"This exhibition is my homage to Reggie, the beautiful man I met in July 1992 at Strange Fruit's Cultural Event during the VIII International Conference on AIDS in Amsterdam.
I got involved in AIDS work after I had lost my lover Abdelnacer to AIDS in February 1991. When Reggie and I met in July 1992 I had just returned from San Francisco, where I had attended my sister Sigrid’s funeral after her untimely death related to asthma. Sigrid had lived most of her life in the Bay area, my first visit to San Francisco had been in 1976 already and therefore meeting somebody from the City felt very familiar.
In 1993 I lived most of the year with Reggie in San Francisco, but when he retired from his position as Executive director of NTFAP in 1994 we decided to live together in Amsterdam. The Netherlands offered him the opportunity of legal immigration as my life partner.
Years ago Reggie had already been talking about his 50th birthday party in the year 2001. I couldn’t let this date go by unobserved and decided to honor Reggie with a tribute on April 29, 2001, the day he would have been 50. It felt like picking up the torch, sharing his legacy with the world.
It would have been an impossible task without Julie Potratz’ assistance and Phill Wilson’s support. I am very happy that the exhibit will be in San Francisco now, since this is the city where Reggie got involved in AIDS activism, where he worked for the National Task Force on AIDS Prevention and where he is still remembered by many.

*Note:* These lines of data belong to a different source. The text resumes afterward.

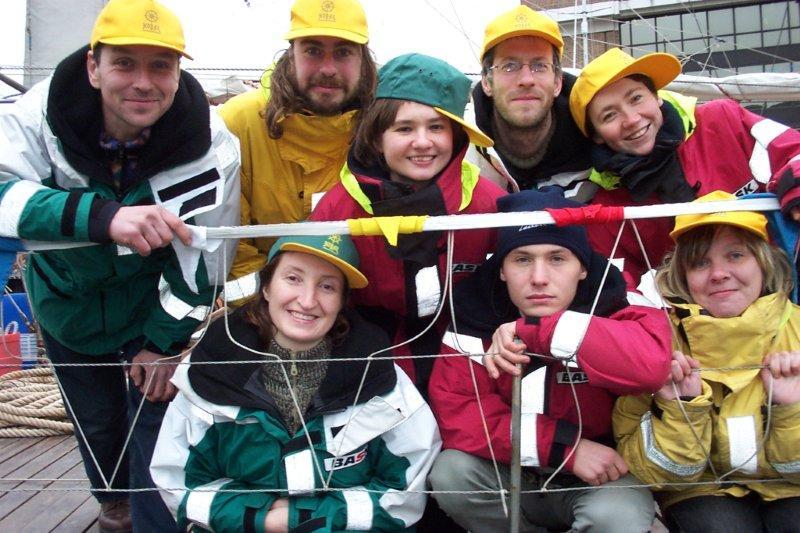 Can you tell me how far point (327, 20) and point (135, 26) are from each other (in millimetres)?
674

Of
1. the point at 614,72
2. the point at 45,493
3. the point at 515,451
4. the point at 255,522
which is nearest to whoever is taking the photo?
the point at 515,451

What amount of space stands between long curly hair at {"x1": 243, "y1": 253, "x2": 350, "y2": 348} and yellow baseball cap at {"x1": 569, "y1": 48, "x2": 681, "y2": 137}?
1.07 meters

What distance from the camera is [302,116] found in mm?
2684

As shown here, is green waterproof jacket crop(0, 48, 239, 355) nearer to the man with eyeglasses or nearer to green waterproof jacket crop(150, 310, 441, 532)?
green waterproof jacket crop(150, 310, 441, 532)

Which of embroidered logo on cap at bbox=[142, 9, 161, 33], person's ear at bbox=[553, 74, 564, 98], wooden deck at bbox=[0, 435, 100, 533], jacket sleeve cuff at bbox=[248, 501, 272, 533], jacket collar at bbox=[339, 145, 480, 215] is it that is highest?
embroidered logo on cap at bbox=[142, 9, 161, 33]

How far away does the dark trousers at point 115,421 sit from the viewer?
254 cm

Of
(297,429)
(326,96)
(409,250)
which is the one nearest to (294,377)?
(297,429)

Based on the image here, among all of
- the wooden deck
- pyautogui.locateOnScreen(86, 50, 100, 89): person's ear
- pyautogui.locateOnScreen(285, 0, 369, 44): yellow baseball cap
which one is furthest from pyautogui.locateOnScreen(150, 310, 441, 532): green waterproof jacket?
pyautogui.locateOnScreen(285, 0, 369, 44): yellow baseball cap

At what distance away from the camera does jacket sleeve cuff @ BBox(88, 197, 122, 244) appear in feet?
6.66

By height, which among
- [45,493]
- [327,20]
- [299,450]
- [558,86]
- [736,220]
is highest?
[327,20]

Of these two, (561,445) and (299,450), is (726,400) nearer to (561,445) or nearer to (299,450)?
(561,445)

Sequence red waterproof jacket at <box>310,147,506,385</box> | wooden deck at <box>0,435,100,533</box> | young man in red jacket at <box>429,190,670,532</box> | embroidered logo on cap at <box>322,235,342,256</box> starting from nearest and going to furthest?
1. young man in red jacket at <box>429,190,670,532</box>
2. embroidered logo on cap at <box>322,235,342,256</box>
3. red waterproof jacket at <box>310,147,506,385</box>
4. wooden deck at <box>0,435,100,533</box>

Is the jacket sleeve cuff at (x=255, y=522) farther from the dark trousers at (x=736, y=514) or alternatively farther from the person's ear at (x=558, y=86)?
the person's ear at (x=558, y=86)

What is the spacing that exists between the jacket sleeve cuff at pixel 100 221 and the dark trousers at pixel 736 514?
1681 mm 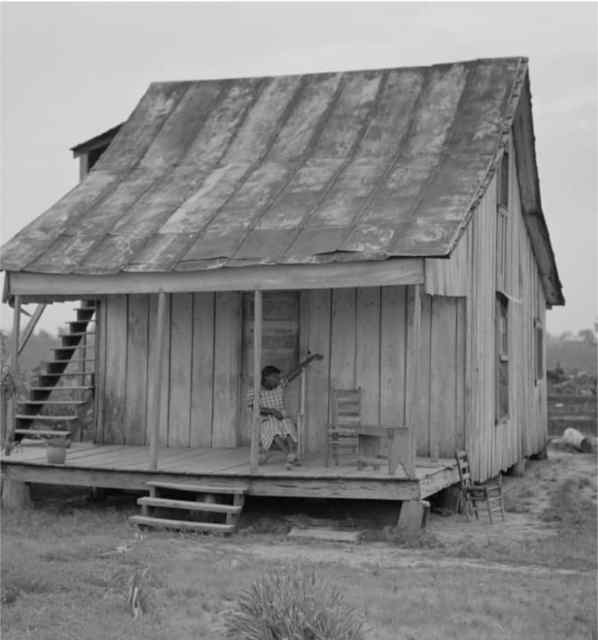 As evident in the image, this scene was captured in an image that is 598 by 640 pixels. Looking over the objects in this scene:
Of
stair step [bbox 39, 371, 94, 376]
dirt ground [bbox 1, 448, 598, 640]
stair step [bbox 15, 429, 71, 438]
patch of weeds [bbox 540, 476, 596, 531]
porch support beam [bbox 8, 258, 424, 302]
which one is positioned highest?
porch support beam [bbox 8, 258, 424, 302]

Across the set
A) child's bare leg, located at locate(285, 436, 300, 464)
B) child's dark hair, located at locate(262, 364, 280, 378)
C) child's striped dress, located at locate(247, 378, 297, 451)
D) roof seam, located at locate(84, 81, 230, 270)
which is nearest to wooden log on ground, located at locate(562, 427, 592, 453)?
child's bare leg, located at locate(285, 436, 300, 464)

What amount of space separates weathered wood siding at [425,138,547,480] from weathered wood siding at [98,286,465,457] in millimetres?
414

In 2001 Paul Gabriel of the GLBT Historical Society of Northern California invited me to bring the exhibit to San Francisco, and Program Director Anne Tamar-Mattis and Facilities manager Linda Schanfein of the Lesbian Gay Bisexual Transsexual Community Center have been key in helping to make it happen at that site. William Bland, Director of Community HIV Health Promotion, San Francisco AIDS Foundation, and ‘Black Brother Esteem’, a project of the San Francisco AIDS Foundation, are joining us as partners for the public program.
I’d like to thank Steve Lew, who had already worked with Reggie in the ‘Gay Men of Color Consortium’ in the late 80’s, for his immense help in getting the exhibit together”
Wolfgang Schreiber (2002)
Wolfgang (b. 1957) has been living in Amsterdam since the early 1980s. He is currently working as a teacher consultant, language trainer and website editor.